I haven't read this whole thread, however I can say that rlp has the correct understanding of the UBTI rules.
So far the trend has been lower every quarter. I think the best you can hope for is that the payout stabilizes above 60c. There is no chance of the next payout being the best yet which would require over 50% increase.
That is not what happens. If 'risk free' investments like treasuries have a higher yield, other yield investments have to trade at higher yields to compensate for the extra risk. The yields have to rise which means the unit prices come down.
Maybe it will play out like CEP...in that case lenders gave them just enough slack to keep operating but by reducing the borrowing base every 6 months made sure that all income went to debt reduction meaning no distributions for years.
I haven't read the 8-k - care to post a summary?

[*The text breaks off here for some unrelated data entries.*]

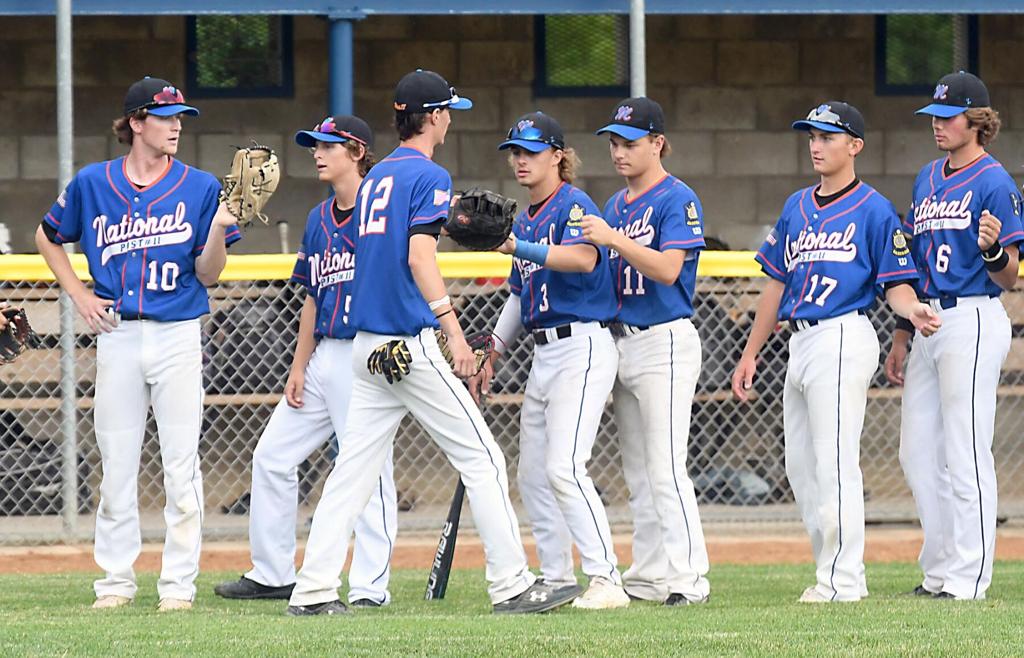 Ole Miss baseball suspends fall practice over COVID-19 outbreak - The  Vicksburg Post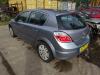 Opel Astra H 1.6 16V Twinport Salvage vehicle (2005, Gray)
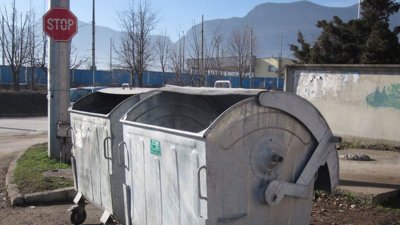 В община Сливен се увеличава данъкът за смет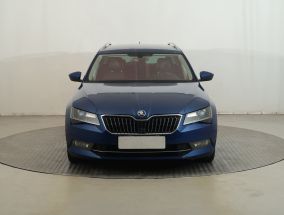 Škoda Superb - 2018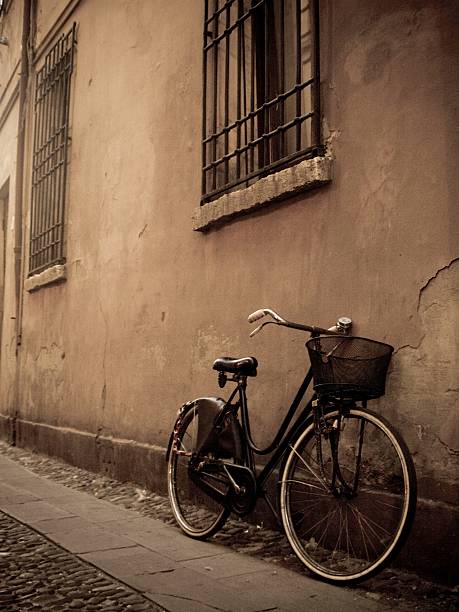 istock On the streets of Ferrara 471947341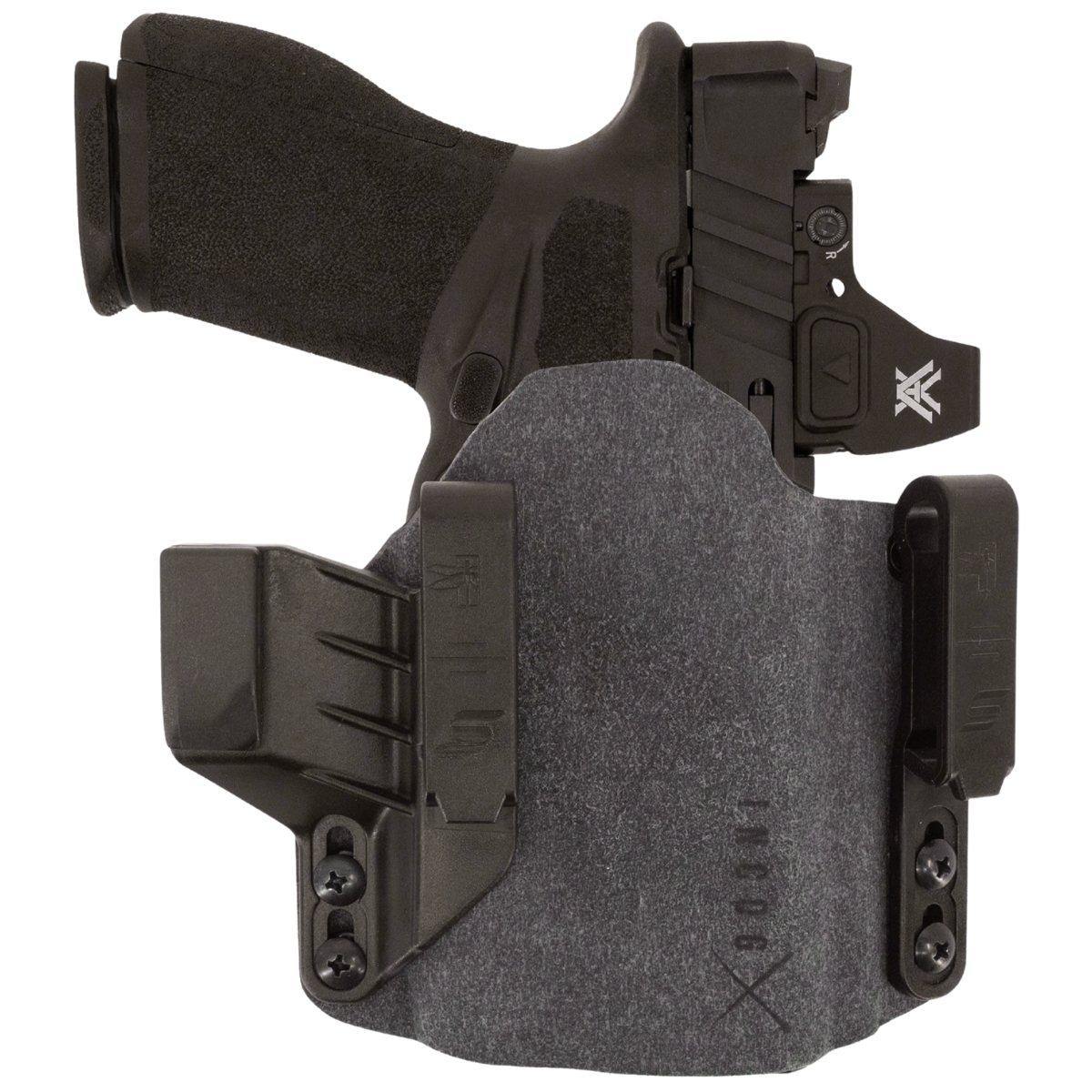 safariland kabura incog x iwb do pistoletu springfield echelon w light prawa incog 0 57 a 7 cx1 61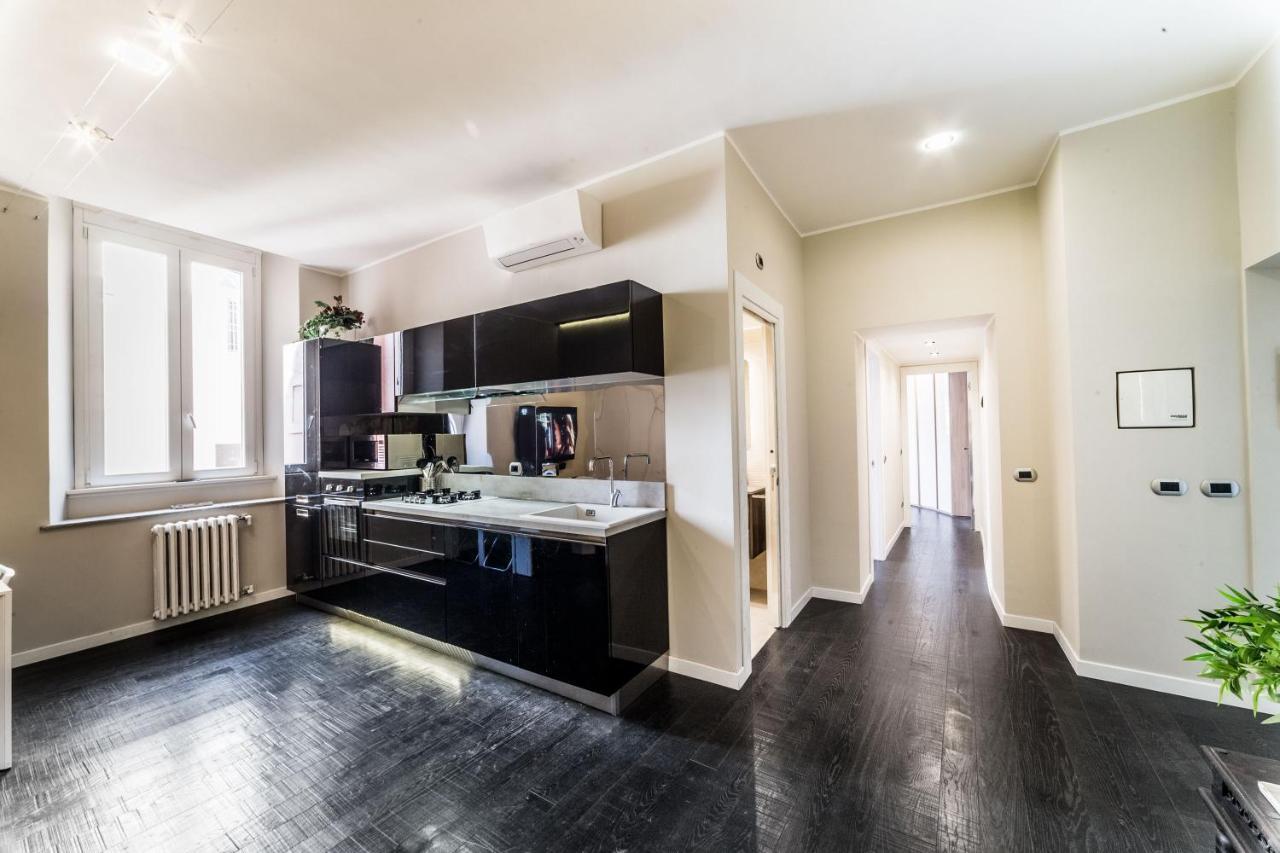 Balestra Palace Apartamento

P.S. When I emailed ARLP IR over a concern I got a personal phone call from the CFO.
How comes with LINE they only give me Toni A. Montegut, Investor & Public Relations and Hays Mabry, Senior Analyst?
My personal opinion is that they know they are scrwing unitholders here, and not keen on engaging with the people who can see through their little deception.
or they are pssed at me.
They seem to have stopped returning my emails.
I think I made a good case though, so perhaps they are seeking new talking points from the higher ups.
Not necessary to be in a cash account. Simply do not carry a margin balance and they are not allowed to loan your shares.
Correct that GTC order does nothing - it's an urban legend of investing, often repeated but with no basis in fact.
Not only can they only loan shares in a margin account, that account must also have a current margin balance. If you have a margin account with no current margin balance they are not allowed to loan your shares. The rest of your post is the same as my understanding - I believe Etrade may have the same policy as Fidelity as I have never had MLP units loaned out although many times have had trust units loaned.